Language and its use will become increasingly dependent on computational power and the quality of available data, or our/computational ability to build high-quality, high-volume data sets. We are reducing the concept of language to statistics and “bits”, which can be understood by computers and maybe engineers or developers, essentially cutting out any agent who has actual linguistic and semantic understanding at the level of context and meaning. And that’s also the point where we purge language of humanity, and probably culture, creating an isolated concept chiefly for the use of the LLM in question, and not for the use of humans. Even though humans are exactly, for now, the end users of such large language models.
So, in essence, we are forcing the replacement of human capabilities of dealing with language (which are perfectly fine and better than that of the LLM) with the learned capabilities of the LLM, which are inherently suboptimal, in order to, I guess, achieve efficiency and cut costs.
Language, when AI uses it, is based on the computational ability to predict the next most likely occurrence of a word. Our brain, however, works in a completely different way – at least how I imagine we use language. First, we need to have some kind of an abstract notion within our imagination – we can usually “see” it – and then we try to find the proper words to describe such an “imagined” phenomenon based on the extent and individual range of our vocabulary and our individual capacity to string words together. It also works the other way around: if you’re reading a book, you are basically “hallucinating” – or we may call it a guided hallucination – based on the words and notions we ascribe to each word. If ten people read the same book, we would probably arrive at ten distinctive and different hallucinations induced by the very same text.
Will this variance be neglected in the face of efficiency, data and costs? So far, it’s the most likely scenario.
In the meantime…
Do not go gentle into that good night.
Thanks for your thoughts. In the absence of a workable linguistic model of language (which linguists have struggled with for decades) AI companies have taken the number crunching route as you explain. The results will therefore never be as good as the best minds though will be good enough for many applications.
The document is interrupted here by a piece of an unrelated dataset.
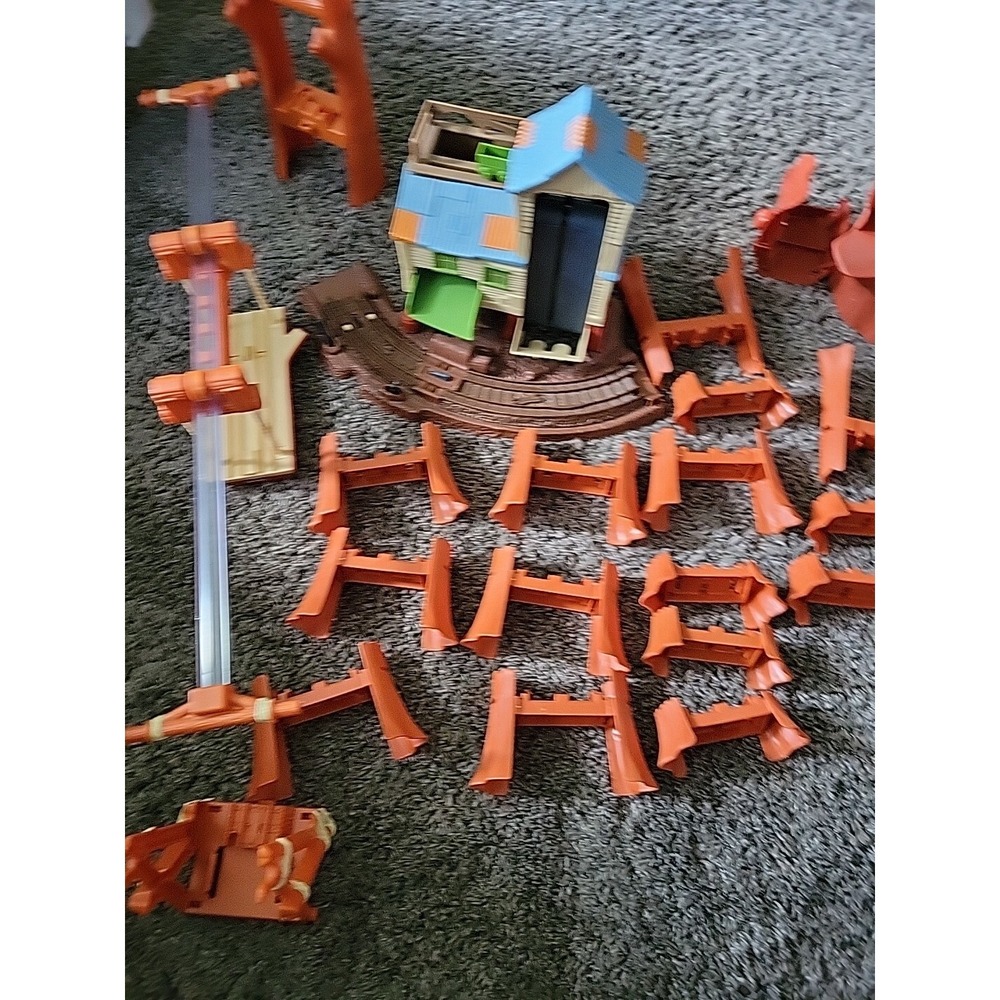 THOMAS and FRIENDS TRACKMASTER ZIP, ZOOM & LOGGING ADVENTURE Parts - Picture 3 of 5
The secrets of language remain to be discovered and part of me hopes they never will be as therein I believe lies the definition of what it means to be conscious, what it means to be alive. If chatbots ever get that far we won’t have much need for human contact.
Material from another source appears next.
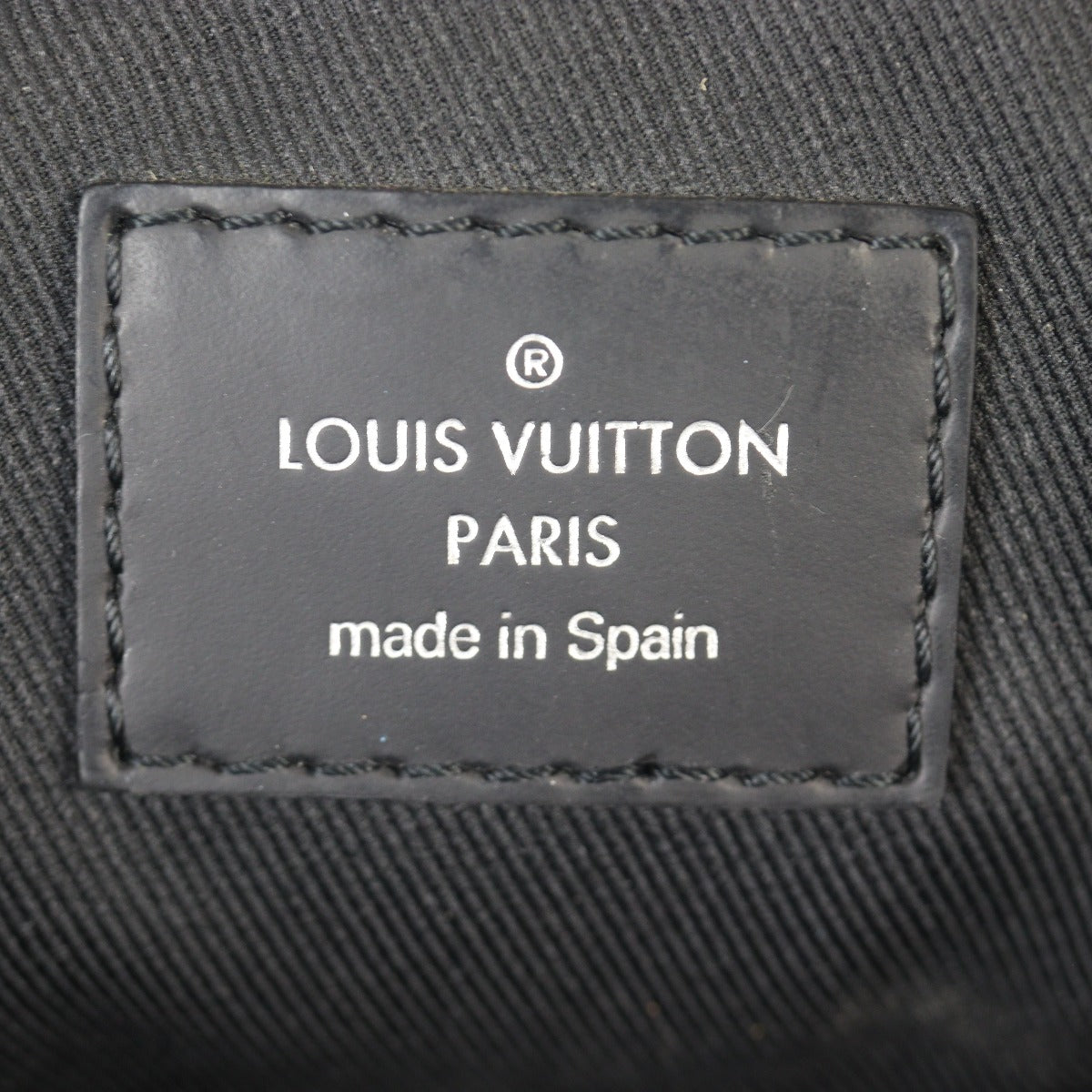 Louis Vuitton District PM Damier Graphite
Great walk-through and, as always from you, reasoning and considerations that make sense.
About what we logically should do – when it comes to buying machines to do human work, those who buy them are not those who know what is good. In fact, they often care the least about quality, they just want to show that they have saved money.
You, who know what is needed for creating good quality, are the one who will be replaced by the machine, so nobody will ask you.
That's the kind of logic that works in business life.